HP’s overall revenue dropped 6.5%, with PC unit revenue falling 14%, business sales down 13% and consumer unit revenue off 16% for the quarter, compared to the same quarter last year. While $8.8. billion of the company’s problems stem from accounting irregularities at Autonomy, its core business is in trouble even without these problems.
The soft PC market has been an increasingly bigger problem, as consumer spending is shifting from PCs to tablets and smart phones as these devices do more and more in their convenient small packages. Research firm International Data Corporation (IDC) figures show that PC shipments were off 8.6% in the third quarter, compared to last year, representing the biggest drop in more than ten years. HP has lost a larger percentage of PC sales volume than the overall market, putting them in a vulnerable position.
While much of the focus will be on the $8.8 billion charge related to HPs acquisition of Autonomy, HPs senior management would be well served to focus a team on getting to the bottom of these issues and then redirecting their own attention on the company’s operations. Meg Whitman, HPs CEO, announced HP would “return to greatness” on the strength of their products as she proceeded to try to redirect attention to new hardware the company is rolling out in their business hardware unit. She also tried to guide Wall Street analysts last month, and again today, to update their forecasts to reflect HPs expectations for the coming quarter, but most analyst seem to indicate they don’t trust HPs senior management.
Calling the company’s forecasts, “pretty optimistic,” was probably about as kind a description Rob Cihra of Evercore Partners could muster when talking about HP. Referring to HP’s guidance, Cihra said, “Management’s credibility isn’t that high so when they guide for a recovery in the second half, investors take that with a big bag of salt.” With consumers interest shifting to products HP does not have a traditional foothold in (tablets and smart phones) losing analyst trust is just one more strike against the company.

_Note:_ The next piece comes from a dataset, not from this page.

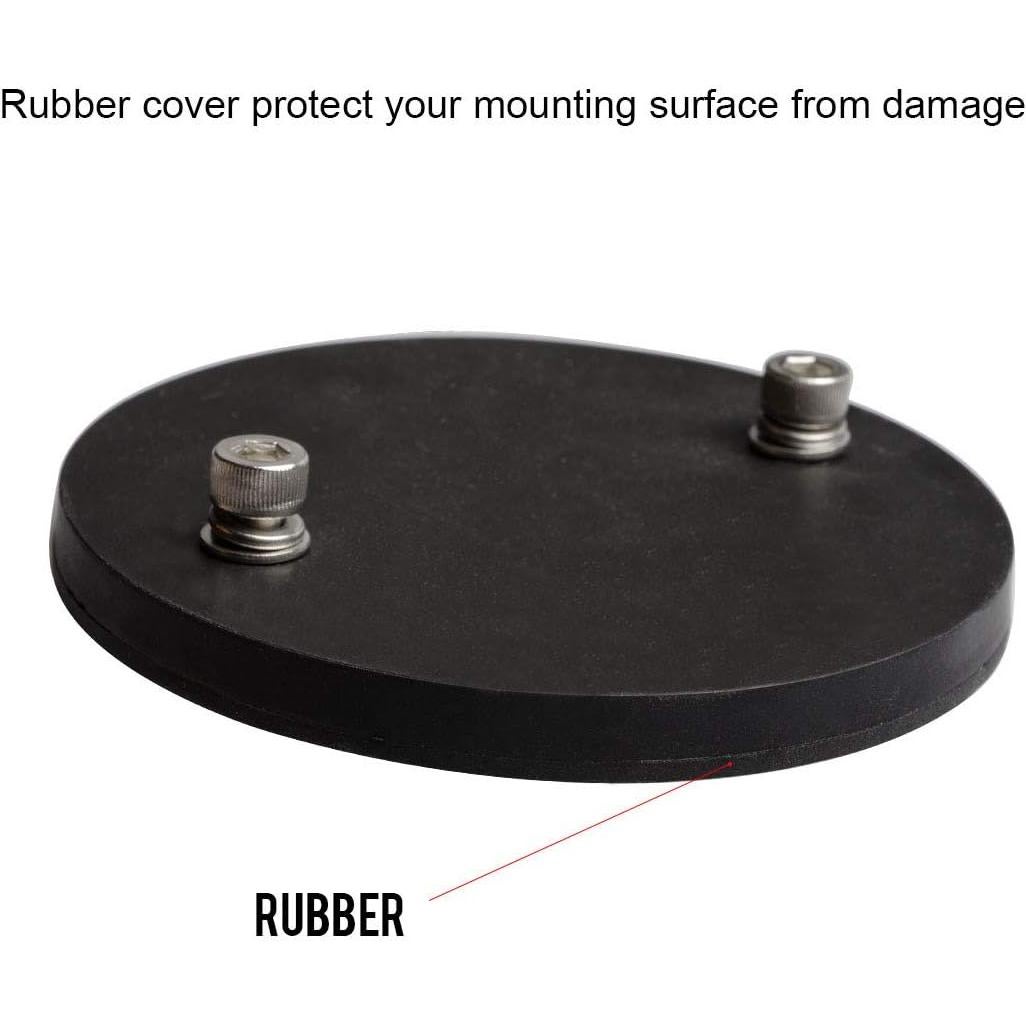 Soporte Magnético Haloview M1 para Cámara de Respaldo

HP’s CEO, Meg Whitman, needs to get things under control at HP and she needs to do it fast if they are going to make a serious run at “returning to greatness.” Pointing fingers about the $8.8 billion Autonomy issue won’t solve anything and trying to redirect attention can only work short-term. Whitman was quick to say, “The two people who should have been held responsible are gone,” referring to HP’s former CEO Leo Apotheker, and Shane Robinson, the company’s former strategy chief. At the end of the day, Whitman is at the helm now and it’s up to her and HP’s senior management team to get things back on track.